I was recently given a $300 credit to Google Cloud Platform from Google to participate in a Kaggle competition. This gives me free access to the powerful GPUs (T4, P100, even V100) to train models and thus opens the window to many new possibilities. However, the problem is that $300 can be used up rather quickly. For example, one Tesla P100 GPU cost $1.46 per hour, so $300 can only give me 200 hours or 8.5 days. Don’t forget there are still other costs from CPU, memory, and disk storage.
The good news is Google provides a much cheaper option: preemptible instances. Preemptible instances can run for up to 24 hours, and can be preempted (shut down) at any time. The preemptible GPUs are about 70% cheaper than regular ones. That translates to more than 3 times more hours to build and train your models.
Resumable training is essential when using pre-emptible instances. Regularly saves checkpoints during training, and you can resume training from the latest checkpoint when the instance is preempted or shut down after 24 hours of running.

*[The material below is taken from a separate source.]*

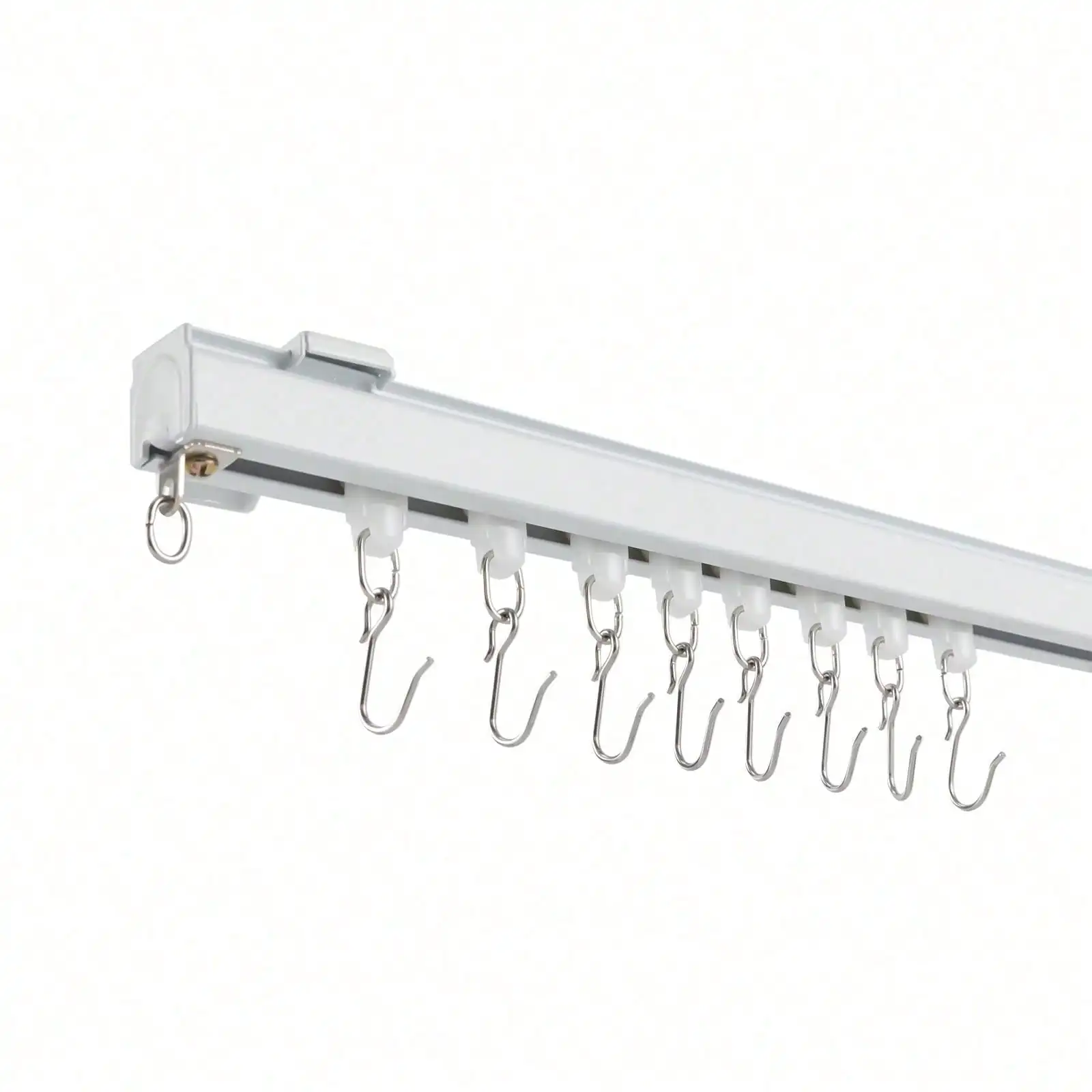 

12-18ft Adjustable Curtain Hanging Track System W/Hooks Ceiling Track Kits Track Kit With Roller Hooks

Please check the documentation of your deep learning framework to see how to do resumable training.
The last piece of puzzle is getting a notification when your preemptible instance is being preempted. Otherwise, you will have to stare at the terminal or the browser tab (if you’re using Jupyter notebook) during training to know when to restart the instance and resume training. This short post will introduce a way to do this via shutdown scripts.
Google Cloud Compute allows users to run startup script and shutdown script via its metadata server. Preemptible instances will have 30 seconds to run the shutdown script after the shutdown process begins, which is more than enough for our use case — sending a notification.
BOT_TOKEN = "bot token here"
CHAT_ID = "chat id here"
bot = telegram.Bot(token=BOT_TOKEN)
host_name = socket.gethostname()
content = 'Machine name: %s is shutting down!' % host_name
Above is a very simple shutdown script sending out a Telegram notification with
python-telegram-bot. Modify the first line to the path to the Python binary you’re using, and make sure
python-telegram-bot is installed in its environment. Please follow this document to set up the Telegram bot if you don’t have one yet. Fill in the bot token and chat id in the above script.
Now you have the script. The next step is to assign them to the preemptible instances. You’ll need the gcloud command-line tool for this (you can use the GUI interface, but I find using the command line most convenient).
If you haven’t created the instance yet, simply add a
--metadata-from-file parameter to the instance creation command like this:
gcloud compute instances create example-instance \
If you already created the instance, run the following command to set the shutdown script for that instance:
gcloud compute instances add-metadata instance-name \
And that’s it! You’ll receive a Telegram notification when the instance is shutting down.
Note: you can also upload the script to a Google Cloud Storage bucket and attach to an instance like this:
gcloud compute instances create example-instance --scopes storage-ro \
Shutdown script invocation
According to the GCP documentation, a shutdown script runs as part of the following actions:
- When an instance shuts down due to an
instances.deleterequest or an
instances.stoprequest to the API.
- When Compute Engine stops a preemptible instance as part of the preemption process.
- When an instance shuts down through a request to the guest operating system, such as sudo shutdown or sudo reboot.
- When you shut down an instance manually through the GCP Console or the gcloud compute tool.
(The shutdown script won’t run if the instance is reset using
So the shutdown script will be invoked even when you manually shut down the instance, i.e., you’ll get a Telegram notification of your instance being shut down. That shouldn’t be a big problem because you already know you are shutting down the instance.
This post describes a way to configure shutdown scripts so you’ll be notified when one of your instances is being preempted. This simple time-saving trick can help you minimize the time wasted between the preemption and the resuming of training.
Granted, this trick is useless when you are asleep or have no access to a computer. A much more sophisticated solution is required for these scenarios. The shutdown script will have to robustly restart the instance and resume training automatically. Personally I’m happy to give up supporting those scenarios entirely. But it is up you to decided if you want to spend time implementing that.